Given the entries below, please return each one exactly.
▼
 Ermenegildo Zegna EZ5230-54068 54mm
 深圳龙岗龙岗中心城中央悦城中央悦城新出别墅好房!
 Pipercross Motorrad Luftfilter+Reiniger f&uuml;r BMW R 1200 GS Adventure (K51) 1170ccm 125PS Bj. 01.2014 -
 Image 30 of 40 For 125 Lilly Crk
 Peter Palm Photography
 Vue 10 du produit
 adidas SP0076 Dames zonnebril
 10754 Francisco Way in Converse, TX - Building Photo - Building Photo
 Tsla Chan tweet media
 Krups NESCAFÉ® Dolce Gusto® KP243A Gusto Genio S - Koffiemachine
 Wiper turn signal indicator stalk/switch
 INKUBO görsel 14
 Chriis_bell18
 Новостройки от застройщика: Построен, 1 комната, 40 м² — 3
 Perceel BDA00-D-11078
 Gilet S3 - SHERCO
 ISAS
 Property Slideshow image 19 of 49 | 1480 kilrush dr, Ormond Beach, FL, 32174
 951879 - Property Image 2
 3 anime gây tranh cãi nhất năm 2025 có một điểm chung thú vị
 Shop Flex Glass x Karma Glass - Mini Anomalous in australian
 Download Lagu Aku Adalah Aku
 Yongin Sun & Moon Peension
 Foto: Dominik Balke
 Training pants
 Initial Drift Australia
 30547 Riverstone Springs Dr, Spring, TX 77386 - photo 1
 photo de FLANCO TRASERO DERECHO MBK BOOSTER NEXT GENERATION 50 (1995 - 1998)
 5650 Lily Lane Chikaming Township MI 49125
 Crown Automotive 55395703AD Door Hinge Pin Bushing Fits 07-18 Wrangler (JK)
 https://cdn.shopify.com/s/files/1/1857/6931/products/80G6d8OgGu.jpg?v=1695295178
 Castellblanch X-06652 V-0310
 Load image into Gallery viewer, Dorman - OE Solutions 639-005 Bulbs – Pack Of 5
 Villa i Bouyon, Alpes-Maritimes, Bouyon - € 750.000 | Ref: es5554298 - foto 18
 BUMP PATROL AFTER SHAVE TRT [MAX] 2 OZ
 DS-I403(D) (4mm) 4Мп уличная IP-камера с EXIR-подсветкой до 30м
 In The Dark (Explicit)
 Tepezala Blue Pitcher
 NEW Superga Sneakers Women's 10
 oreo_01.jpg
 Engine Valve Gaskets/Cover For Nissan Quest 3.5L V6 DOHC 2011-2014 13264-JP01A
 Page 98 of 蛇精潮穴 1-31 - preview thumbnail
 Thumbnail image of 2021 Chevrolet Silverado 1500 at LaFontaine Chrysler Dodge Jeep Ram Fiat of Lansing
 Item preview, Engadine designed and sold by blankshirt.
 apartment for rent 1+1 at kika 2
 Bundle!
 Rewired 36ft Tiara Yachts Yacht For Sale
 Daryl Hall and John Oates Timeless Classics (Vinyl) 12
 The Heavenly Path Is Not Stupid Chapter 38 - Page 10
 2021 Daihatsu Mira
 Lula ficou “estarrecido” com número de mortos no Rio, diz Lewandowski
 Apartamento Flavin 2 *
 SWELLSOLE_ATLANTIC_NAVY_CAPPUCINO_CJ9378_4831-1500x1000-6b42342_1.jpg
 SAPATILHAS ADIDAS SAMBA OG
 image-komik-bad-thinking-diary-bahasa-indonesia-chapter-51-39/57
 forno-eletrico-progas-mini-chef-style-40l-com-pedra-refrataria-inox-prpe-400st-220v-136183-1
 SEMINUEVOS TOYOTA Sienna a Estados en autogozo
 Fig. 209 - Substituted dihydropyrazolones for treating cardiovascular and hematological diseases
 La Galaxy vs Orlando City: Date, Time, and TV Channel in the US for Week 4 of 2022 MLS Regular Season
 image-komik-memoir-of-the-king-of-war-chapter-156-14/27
▲
■ **Answer**:
 Ermenegildo Zegna EZ5230-54068 54mm
 深圳龙岗龙岗中心城中央悦城中央悦城新出别墅好房!
 Pipercross Motorrad Luftfilter+Reiniger f&uuml;r BMW R 1200 GS Adventure (K51) 1170ccm 125PS Bj. 01.2014 -
 Image 30 of 40 For 125 Lilly Crk
 Peter Palm Photography
 Vue 10 du produit
 adidas SP0076 Dames zonnebril
 10754 Francisco Way in Converse, TX - Building Photo - Building Photo
 Tsla Chan tweet media
 Krups NESCAFÉ® Dolce Gusto® KP243A Gusto Genio S - Koffiemachine
 Wiper turn signal indicator stalk/switch
 INKUBO görsel 14
 Chriis_bell18
 Новостройки от застройщика: Построен, 1 комната, 40 м² — 3
 Perceel BDA00-D-11078
 Gilet S3 - SHERCO
 ISAS
 Property Slideshow image 19 of 49 | 1480 kilrush dr, Ormond Beach, FL, 32174
 951879 - Property Image 2
 3 anime gây tranh cãi nhất năm 2025 có một điểm chung thú vị
 Shop Flex Glass x Karma Glass - Mini Anomalous in australian
 Download Lagu Aku Adalah Aku
 Yongin Sun & Moon Peension
 Foto: Dominik Balke
 Training pants
 Initial Drift Australia
 30547 Riverstone Springs Dr, Spring, TX 77386 - photo 1
 photo de FLANCO TRASERO DERECHO MBK BOOSTER NEXT GENERATION 50 (1995 - 1998)
 5650 Lily Lane Chikaming Township MI 49125
 Crown Automotive 55395703AD Door Hinge Pin Bushing Fits 07-18 Wrangler (JK)
 https://cdn.shopify.com/s/files/1/1857/6931/products/80G6d8OgGu.jpg?v=1695295178
 Castellblanch X-06652 V-0310
 Load image into Gallery viewer, Dorman - OE Solutions 639-005 Bulbs – Pack Of 5
 Villa i Bouyon, Alpes-Maritimes, Bouyon - € 750.000 | Ref: es5554298 - foto 18
 BUMP PATROL AFTER SHAVE TRT [MAX] 2 OZ
 DS-I403(D) (4mm) 4Мп уличная IP-камера с EXIR-подсветкой до 30м
 In The Dark (Explicit)
 Tepezala Blue Pitcher
 NEW Superga Sneakers Women's 10
 oreo_01.jpg
 Engine Valve Gaskets/Cover For Nissan Quest 3.5L V6 DOHC 2011-2014 13264-JP01A
 Page 98 of 蛇精潮穴 1-31 - preview thumbnail
 Thumbnail image of 2021 Chevrolet Silverado 1500 at LaFontaine Chrysler Dodge Jeep Ram Fiat of Lansing
 Item preview, Engadine designed and sold by blankshirt.
 apartment for rent 1+1 at kika 2
 Bundle!
 Rewired 36ft Tiara Yachts Yacht For Sale
 Daryl Hall and John Oates Timeless Classics (Vinyl) 12
 The Heavenly Path Is Not Stupid Chapter 38 - Page 10
 2021 Daihatsu Mira
 Lula ficou “estarrecido” com número de mortos no Rio, diz Lewandowski
 Apartamento Flavin 2 *
 SWELLSOLE_ATLANTIC_NAVY_CAPPUCINO_CJ9378_4831-1500x1000-6b42342_1.jpg
 SAPATILHAS ADIDAS SAMBA OG
 image-komik-bad-thinking-diary-bahasa-indonesia-chapter-51-39/57
 forno-eletrico-progas-mini-chef-style-40l-com-pedra-refrataria-inox-prpe-400st-220v-136183-1
 SEMINUEVOS TOYOTA Sienna a Estados en autogozo
 Fig. 209 - Substituted dihydropyrazolones for treating cardiovascular and hematological diseases
 La Galaxy vs Orlando City: Date, Time, and TV Channel in the US for Week 4 of 2022 MLS Regular Season
 image-komik-memoir-of-the-king-of-war-chapter-156-14/27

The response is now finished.